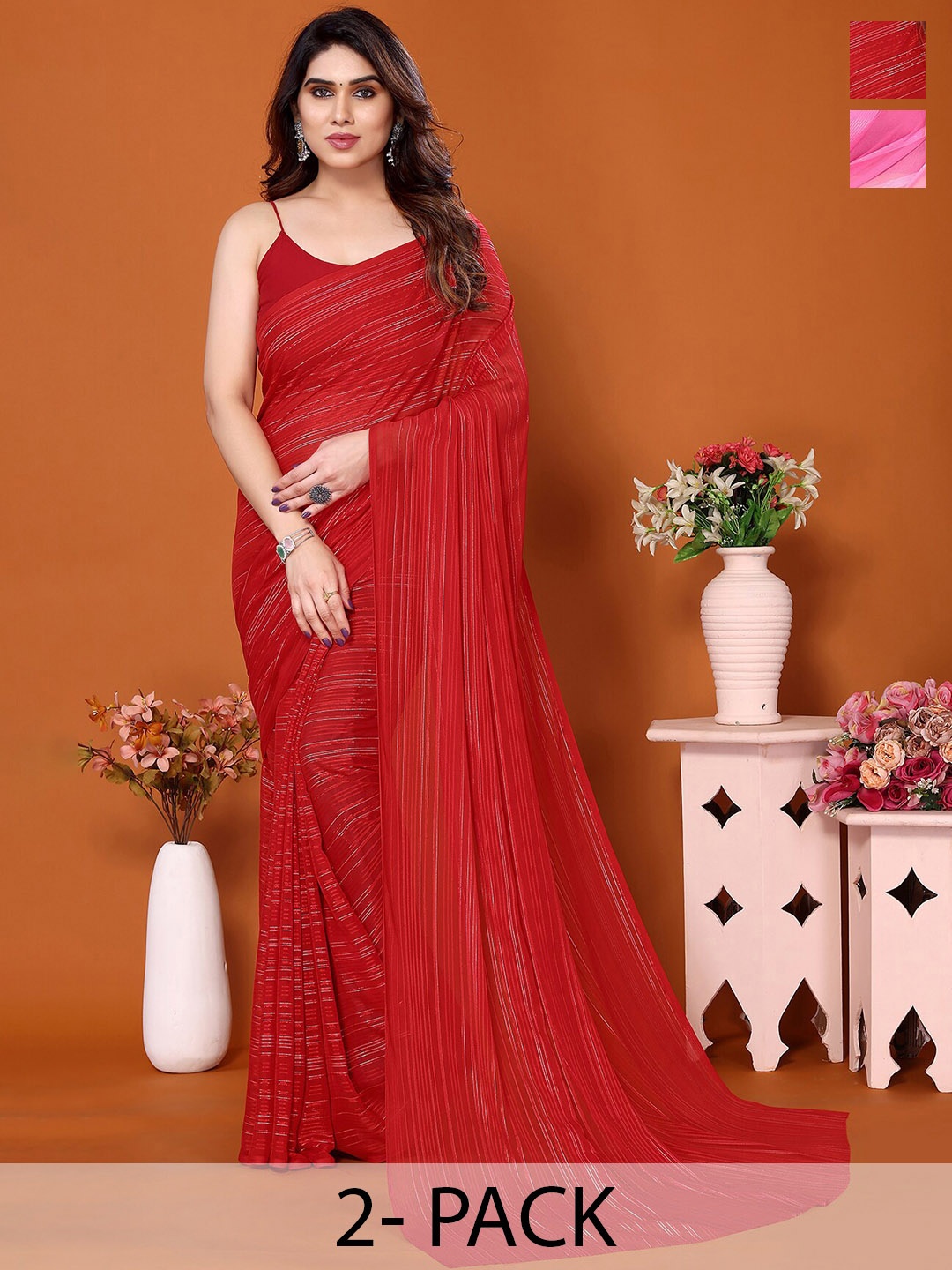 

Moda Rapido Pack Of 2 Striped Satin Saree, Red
# # # #
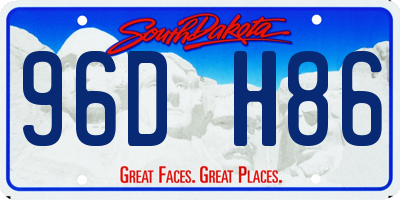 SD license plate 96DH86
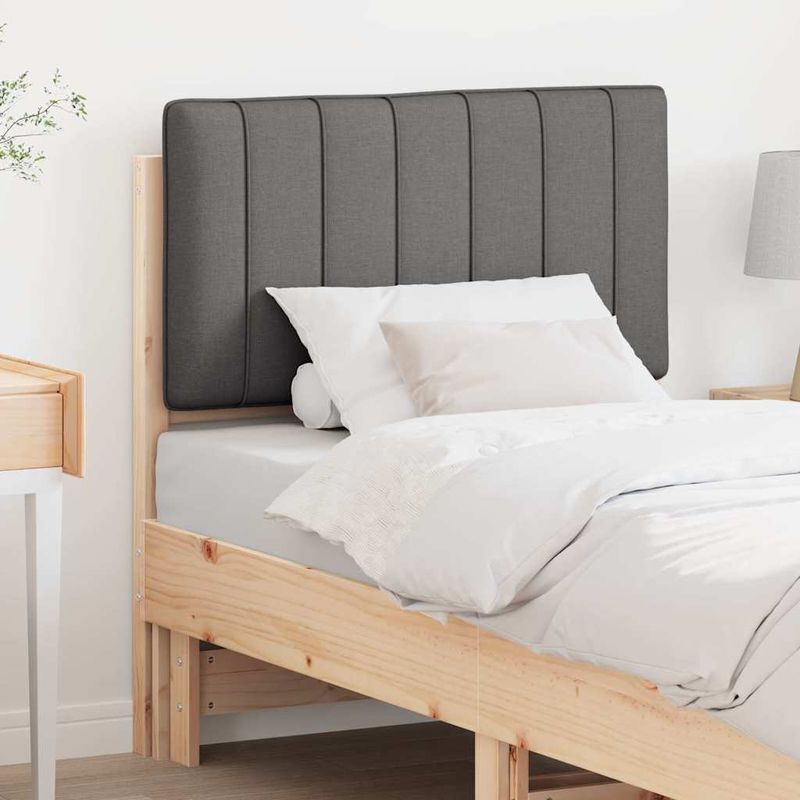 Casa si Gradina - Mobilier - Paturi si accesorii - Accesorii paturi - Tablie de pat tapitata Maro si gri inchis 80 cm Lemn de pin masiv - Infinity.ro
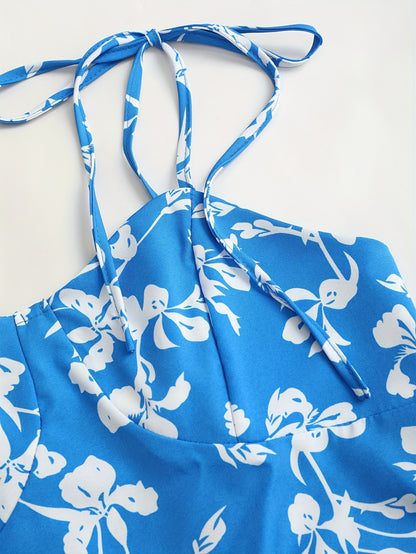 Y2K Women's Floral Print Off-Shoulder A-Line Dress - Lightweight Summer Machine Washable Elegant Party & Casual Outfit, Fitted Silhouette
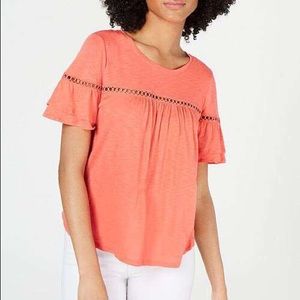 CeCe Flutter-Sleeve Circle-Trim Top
# # # #
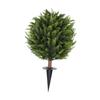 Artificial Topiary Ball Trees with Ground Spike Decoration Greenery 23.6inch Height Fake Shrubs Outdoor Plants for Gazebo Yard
# # # #
EXERCISE INSTRUCTIONS -
What belongs in the answer is each line above from the line with "Y2K Women's Floral" to the line with "CeCe Flutter-Sleeve Circle-Trim Top", inclusive, reproduced exactly and free of pictures.

RESULT OF THIS TASK -
 Y2K Women's Floral Print Off-Shoulder A-Line Dress - Lightweight Summer Machine Washable Elegant Party & Casual Outfit, Fitted Silhouette
 CeCe Flutter-Sleeve Circle-Trim Top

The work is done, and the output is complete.